Mortgage activity hits 22-year low as rising rates bite housing market
A closely watched gauge of mortgage application activity slid to a more than two-decade low last week, as elevated home prices and rising interest rates dragged further on purchase and refinancing activity.
The Mortgage Bankers Association’s (MBA) weekly market composite index tracking mortgage loan application volume sank 6.5% during the period ending June 3. This represented a fourth consecutive weekly decline and extended a 2.3% drop from the prior week.
Refinance applications fell 6% week-on-week and were down 75% compared to the same time last year. Meanwhile, purchases fell 7% from the prior week, and on a seasonally unadjusted basis, were lower by 21% compared to last year.
“Weakness in both purchase and refinance applications pushed the market index down to its lowest level in 22 years,” Joel Kan, MBA’s associate vice president of economic and industry forecasting, said in a press statement. “While rates were still lower than they were four weeks ago, they remained high enough to still suppress refinance activity. Only government refinances saw a slight increase last week.”
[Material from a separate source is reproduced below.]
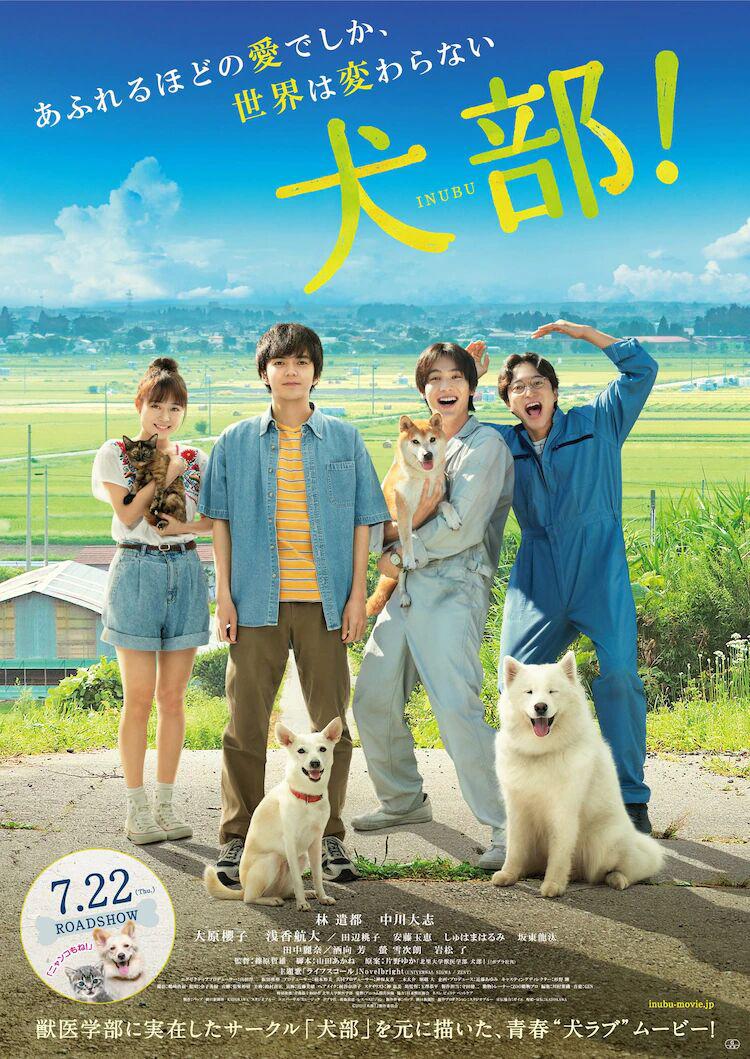 犬部！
“The purchase market has suffered from persistently low housing inventory and the jump in mortgage rates over the past two months,” Kan added. “These worsening affordability challenges have been particularly hard on prospective first-time buyers.”
The MBA’s latest report adds to other housing market data underscoring cooling demand as interest rates creep higher. New home sales slid by a much worse-than-expected 16.6% in April to reach a two-year low, while existing-home sales sank to the lowest since June 2020 as the median home listing price soared to a fresh record high of $391,200.
The average rate on a 30-year fixed mortgage hovered at 5.09% as of the beginning of the month, according to Freddie Mac data released June 2. While that was a tick down from the 5.10% from the prior week, it was still a jump from the comparable week last year, when the rate averaged 2.99%. The average rate on a 30-year fixed mortgage reached the highest level since 2009 in mid-May at 5.30%.